§ **Problem to work on**
Each line of the data below should be repeated exactly.

§ **Information provided**
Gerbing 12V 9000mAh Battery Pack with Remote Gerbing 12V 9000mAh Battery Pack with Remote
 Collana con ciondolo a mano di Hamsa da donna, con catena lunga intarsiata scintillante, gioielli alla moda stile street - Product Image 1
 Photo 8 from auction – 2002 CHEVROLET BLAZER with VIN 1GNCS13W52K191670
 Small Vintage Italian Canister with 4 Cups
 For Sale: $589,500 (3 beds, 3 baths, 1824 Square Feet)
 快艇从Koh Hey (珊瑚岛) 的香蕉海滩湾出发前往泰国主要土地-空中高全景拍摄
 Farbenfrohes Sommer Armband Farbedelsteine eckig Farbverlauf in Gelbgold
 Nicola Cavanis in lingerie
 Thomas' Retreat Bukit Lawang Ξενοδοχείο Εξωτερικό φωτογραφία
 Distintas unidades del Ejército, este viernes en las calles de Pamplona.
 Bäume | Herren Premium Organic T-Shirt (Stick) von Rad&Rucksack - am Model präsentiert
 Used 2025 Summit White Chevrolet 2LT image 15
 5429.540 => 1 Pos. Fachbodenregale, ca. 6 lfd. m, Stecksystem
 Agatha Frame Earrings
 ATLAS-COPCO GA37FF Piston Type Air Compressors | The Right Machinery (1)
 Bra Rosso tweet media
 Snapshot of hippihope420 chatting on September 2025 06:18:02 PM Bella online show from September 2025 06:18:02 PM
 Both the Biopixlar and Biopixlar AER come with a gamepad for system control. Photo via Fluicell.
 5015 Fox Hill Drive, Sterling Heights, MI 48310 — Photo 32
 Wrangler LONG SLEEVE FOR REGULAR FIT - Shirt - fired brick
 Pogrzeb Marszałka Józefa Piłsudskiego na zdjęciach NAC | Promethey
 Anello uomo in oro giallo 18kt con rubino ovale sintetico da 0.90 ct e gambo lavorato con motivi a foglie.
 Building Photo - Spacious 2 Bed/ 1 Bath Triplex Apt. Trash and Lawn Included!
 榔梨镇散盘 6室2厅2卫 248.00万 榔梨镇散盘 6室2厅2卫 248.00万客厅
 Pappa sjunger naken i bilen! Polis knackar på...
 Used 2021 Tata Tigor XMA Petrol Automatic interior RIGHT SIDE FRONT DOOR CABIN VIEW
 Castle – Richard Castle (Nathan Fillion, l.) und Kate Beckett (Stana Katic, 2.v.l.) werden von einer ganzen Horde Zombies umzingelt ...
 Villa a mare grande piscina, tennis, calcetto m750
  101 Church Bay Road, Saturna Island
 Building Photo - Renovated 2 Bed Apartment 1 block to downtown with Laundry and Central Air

§ **Result of this task**
Gerbing 12V 9000mAh Battery Pack with Remote Gerbing 12V 9000mAh Battery Pack with Remote
 Collana con ciondolo a mano di Hamsa da donna, con catena lunga intarsiata scintillante, gioielli alla moda stile street - Product Image 1
 Photo 8 from auction – 2002 CHEVROLET BLAZER with VIN 1GNCS13W52K191670
 Small Vintage Italian Canister with 4 Cups
 For Sale: $589,500 (3 beds, 3 baths, 1824 Square Feet)
 快艇从Koh Hey (珊瑚岛) 的香蕉海滩湾出发前往泰国主要土地-空中高全景拍摄
 Farbenfrohes Sommer Armband Farbedelsteine eckig Farbverlauf in Gelbgold
 Nicola Cavanis in lingerie
 Thomas' Retreat Bukit Lawang Ξενοδοχείο Εξωτερικό φωτογραφία
 Distintas unidades del Ejército, este viernes en las calles de Pamplona.
 Bäume | Herren Premium Organic T-Shirt (Stick) von Rad&Rucksack - am Model präsentiert
 Used 2025 Summit White Chevrolet 2LT image 15
 5429.540 => 1 Pos. Fachbodenregale, ca. 6 lfd. m, Stecksystem
 Agatha Frame Earrings
 ATLAS-COPCO GA37FF Piston Type Air Compressors | The Right Machinery (1)
 Bra Rosso tweet media
 Snapshot of hippihope420 chatting on September 2025 06:18:02 PM Bella online show from September 2025 06:18:02 PM
 Both the Biopixlar and Biopixlar AER come with a gamepad for system control. Photo via Fluicell.
 5015 Fox Hill Drive, Sterling Heights, MI 48310 — Photo 32
 Wrangler LONG SLEEVE FOR REGULAR FIT - Shirt - fired brick
 Pogrzeb Marszałka Józefa Piłsudskiego na zdjęciach NAC | Promethey
 Anello uomo in oro giallo 18kt con rubino ovale sintetico da 0.90 ct e gambo lavorato con motivi a foglie.
 Building Photo - Spacious 2 Bed/ 1 Bath Triplex Apt. Trash and Lawn Included!
 榔梨镇散盘 6室2厅2卫 248.00万 榔梨镇散盘 6室2厅2卫 248.00万客厅
 Pappa sjunger naken i bilen! Polis knackar på...
 Used 2021 Tata Tigor XMA Petrol Automatic interior RIGHT SIDE FRONT DOOR CABIN VIEW
 Castle – Richard Castle (Nathan Fillion, l.) und Kate Beckett (Stana Katic, 2.v.l.) werden von einer ganzen Horde Zombies umzingelt ...
 Villa a mare grande piscina, tennis, calcetto m750
  101 Church Bay Road, Saturna Island
 Building Photo - Renovated 2 Bed Apartment 1 block to downtown with Laundry and Central Air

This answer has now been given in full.